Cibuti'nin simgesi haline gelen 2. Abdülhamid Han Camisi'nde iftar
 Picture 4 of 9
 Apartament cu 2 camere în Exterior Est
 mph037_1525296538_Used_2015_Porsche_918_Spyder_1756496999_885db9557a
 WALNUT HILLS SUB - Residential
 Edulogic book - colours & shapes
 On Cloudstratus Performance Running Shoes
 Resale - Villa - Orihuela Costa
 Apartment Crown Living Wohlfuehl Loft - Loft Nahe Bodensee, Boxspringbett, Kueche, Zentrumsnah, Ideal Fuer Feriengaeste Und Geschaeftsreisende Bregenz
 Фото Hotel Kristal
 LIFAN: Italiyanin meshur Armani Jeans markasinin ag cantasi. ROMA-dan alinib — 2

────

YOUR ASSIGNMENT
Each line from the one that contains "WALNUT HILLS SUB - Residential" through the end of the material above should be returned exactly, and nothing else.

WRITTEN ANSWER
 WALNUT HILLS SUB - Residential
 Edulogic book - colours & shapes
 On Cloudstratus Performance Running Shoes
 Resale - Villa - Orihuela Costa
 Apartment Crown Living Wohlfuehl Loft - Loft Nahe Bodensee, Boxspringbett, Kueche, Zentrumsnah, Ideal Fuer Feriengaeste Und Geschaeftsreisende Bregenz
 Фото Hotel Kristal
 LIFAN: Italiyanin meshur Armani Jeans markasinin ag cantasi. ROMA-dan alinib — 2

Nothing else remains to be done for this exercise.